How strange it is that we tend to throw away the input to our function (the LLM) and only keep track of the output. Think about that: you'd never deploy a service without logging the requests it receives. Yet most AI systems discard the exact context that produced each response. Tracking inputs isn't just for reproducibility — it's how you debug why the agent chose certain tools, produced certain outputs, and made certain mistakes. The context is the specification.
This insight transforms how you think about AI operations. The context you send isn't just an input — it's a persistent artifact that explains the agent's decisions. Sophisticated agents already use this pattern: they maintain a PLAN.md file that persists across context cropping. When the orchestrator trims old messages, the plan survives, providing continuity and an audit trail of what the agent intended to do and why.
What to Track: The Context Taxonomy
Before you can optimize context, you need to know what types of context exist. Most developers only think about the conversation history. In reality, the full context landscape includes four categories:
- Tool usage & outputs
- Sub-agent interactions
- Internal reasoning steps
- Successes & failures
- Explicit intent & goals
- Feedback (approvals, edits)
- Preference signals
- Conversation patterns
- DB snapshots (for auditing)
- External documents (RAG)
- Artifacts: PLAN.md, REQS
- API responses
- LLM hyperparameters
- Available tools config
- Guardrails & policies
- Model version
In practice, not everything is useful and many other things should be tracked. The key is deciding beforehand what to capture. This taxonomy gives you a starting framework — especially useful when debugging why an agent took an unexpected action. Was the issue in what tools it used (agent behavior), what the user asked for (user behavior), what knowledge was retrieved (knowledge sources), or how the system was configured (system-level)?
Multi-Agent Context
In systems with multiple AI agents working together — an orchestrator routing tasks to specialists — context engineering becomes even more critical. Each agent needs to see different information, and sharing everything between all agents creates unnecessary cost and confusion.
The orchestrator sees the big picture: the user's query, the task plan, and summaries from each specialist. But each specialist sees only what it needs. The research agent gets the search query and retrieved documents. The coding agent gets the code context and requirements. The summary agent gets the draft and user preferences. No agent is overwhelmed with irrelevant context from other agents' work.
This is context engineering at the architectural level — designing not just what goes into a single context window, but how context flows across an entire multi-agent system.
Three patterns for managing context across agents:
1. Shared blackboard: All agents read from and write to a shared context store. Simple but noisy — every agent sees everything, including irrelevant data from other agents. Best for small, tightly-coupled agent teams.
2. Orchestrator-mediated: The orchestrator selectively passes context to each specialist. More control but the orchestrator becomes a bottleneck. Best for complex workflows where different agents need very different contexts.
3. Hierarchical: Context is organized in layers — global context (visible to all), team context (shared within a specialist team), and local context (agent-specific). Most flexible but most complex to implement. Best for large-scale systems with many agents.

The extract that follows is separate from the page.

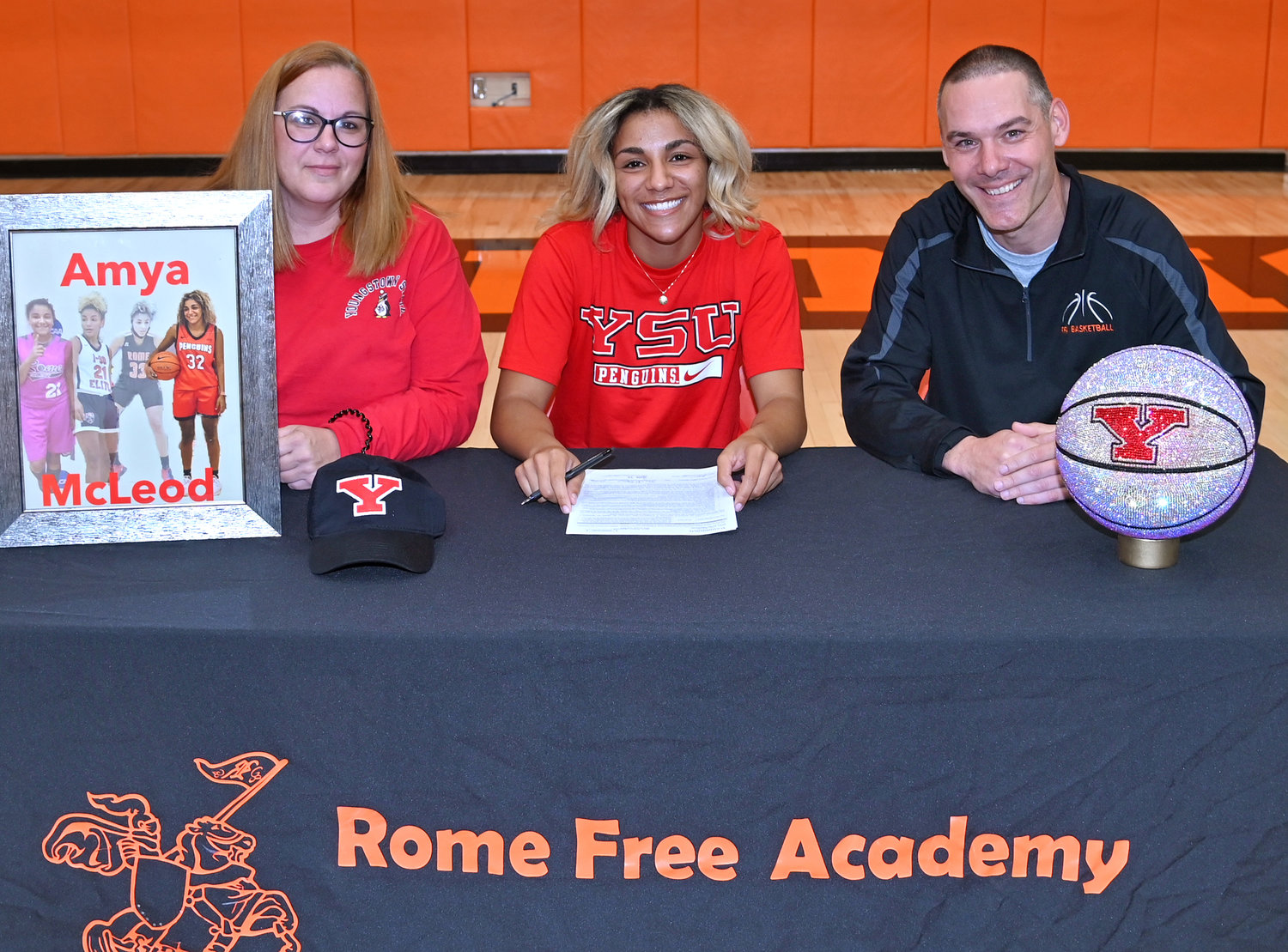 Amya McLeod with her mother Toni St. Thomas and Rome Free Academy girls head basketball coach Al Bevilacqua Thursday as she signed her National Letter of Intent to play Division I college basketball at Youngstown State in Ohio.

Context cropping for delegation: When the orchestrator delegates a task to a specialist, it shouldn't just forward the entire conversation. Instead, it extracts only the relevant portions: the specific sub-task, relevant constraints, and any context the specialist needs. This is "context cropping" — cutting out the noise before passing context downstream.

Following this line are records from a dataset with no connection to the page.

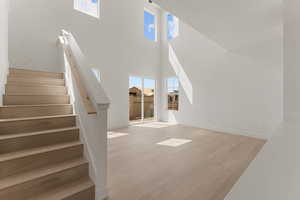 Unfurnished living room with plenty of natural light, wood finished floors, stairs, a towering ceiling, and baseboards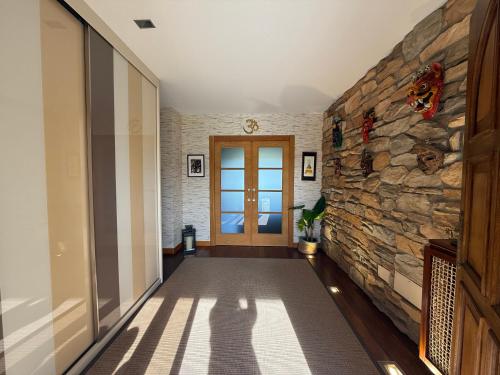 a hallway with a stone wall and a door at Finca Gonzalez in Deva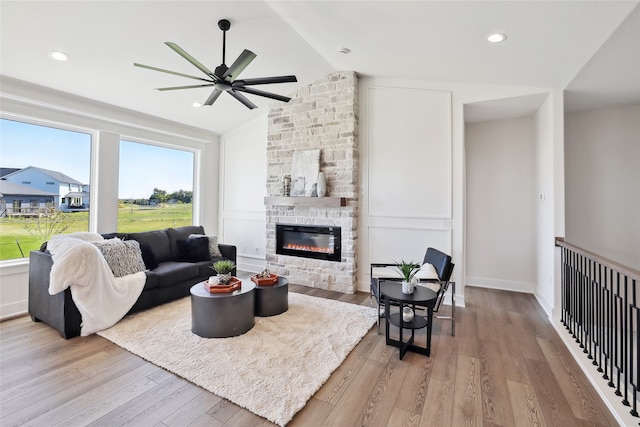 living room with light wood-type flooring, lofted ceiling, ceiling fan, and a fireplace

Practical example — a deep research agent:
- Plan creation: User asks a research question. Orchestrator creates a multi-step plan.
- Search delegation: Orchestrator sends only the search query to the research agent (not the full conversation).
- Summarization delegation: Research results are sent to a summary agent with instructions to extract key findings (not the raw search results AND the conversation).
- Context cropping: The orchestrator takes the summary, drops intermediate reasoning, and presents the user with a clean answer.
At each step, context is deliberately narrowed. The research agent never sees the conversation history. The summary agent never sees the search queries. The user never sees the intermediate context management. Each handoff is a deliberate act of context engineering.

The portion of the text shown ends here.